Se está discutiendo en Chile este tema, y uno ve argumentaciones sensatas y otras menos sensatas. Pero no he visto un tratamiento sinóptico del tema. Quiero, por eso, ahora, considerar muy brevemente las que me parece que son las aristas más importantes de este problema.

En primer lugar, el hombre no es señor de vida y muerte y, por esta razón, no es lícito matar directamente a un inocente. No es lícito para un médico, no es lícito para un político, no es lícito para un militar. Sí es lícito a la ciudad y a la autoridad legítima, en cambio, condenar a muerte a un reo juzgado con las debidas garantías, pero precisamente porque aquéllas actúan por autoridad divina.

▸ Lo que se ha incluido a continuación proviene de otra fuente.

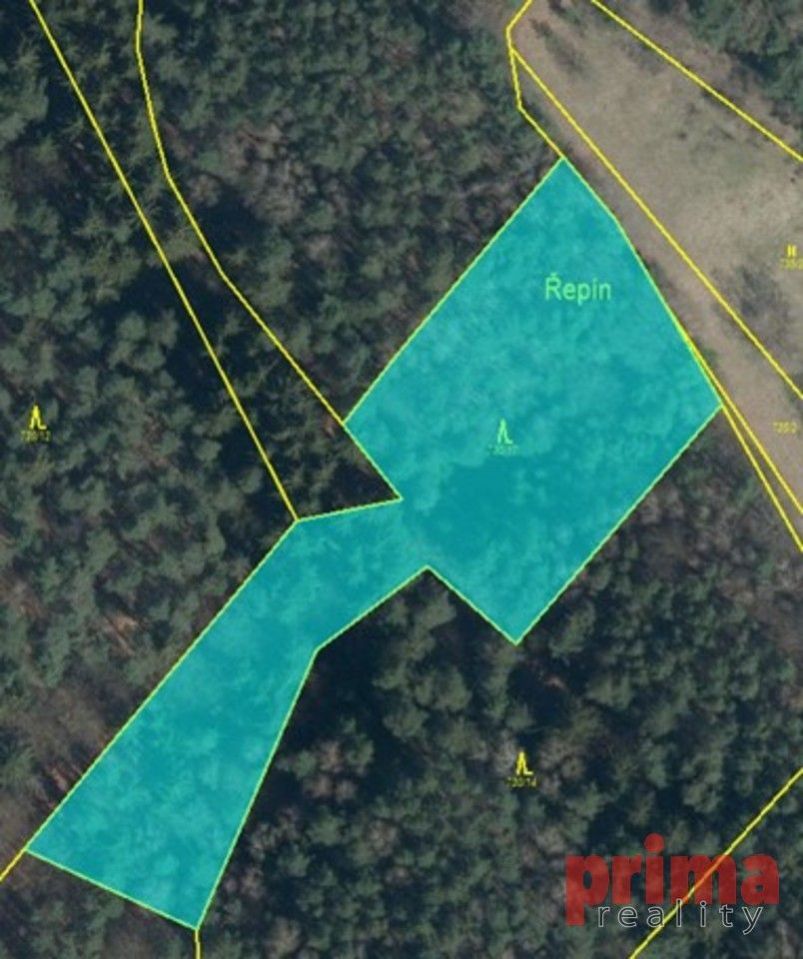 Prodej, les, 6.017m2, Nosálov, obrázek č. 3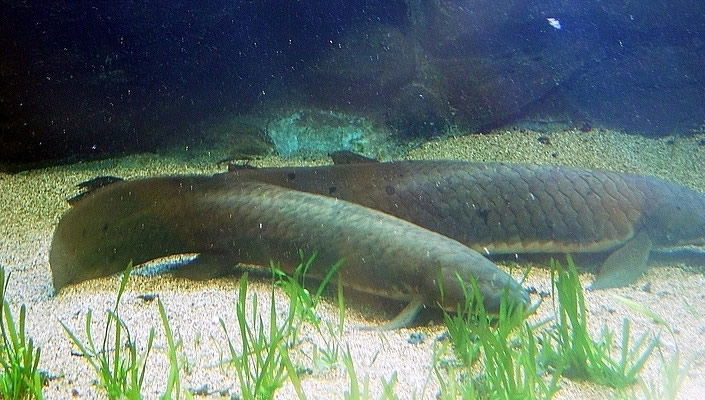 Australian lungfish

Todo esto lo conocieron bien los clásicos sin necesidad de la Fe. Platón nos cuenta en el Fedón que Sócrates define la filosofía como una “preparación para la muerte”. Cuando sus amigos le preguntan “por qué, entonces, no nos suicidamos”, responde: “porque todos somos siervos de los dioses y, en consecuencia, no  podemos abandonar nuestro lugar en el cosmos”. Ésta es la razón por la que es irracional el suicidio (como enseña también Aristóteles en Ética a Nicómaco V 11), porque el hombre no es señor de vida y muerte. En esa misma obra de Platón, y en el Critón, aparece que, en cambio, las leyes de la ciudad, en la medida en que están en armonía con las leyes del Hades (es decir, con la verdad moral), pueden establecer la pena de muerte para el criminal. En esto coincide con la Sagrada Escritura, que dice: “no matarás al inocente y justo” (Éxodo 23, 7).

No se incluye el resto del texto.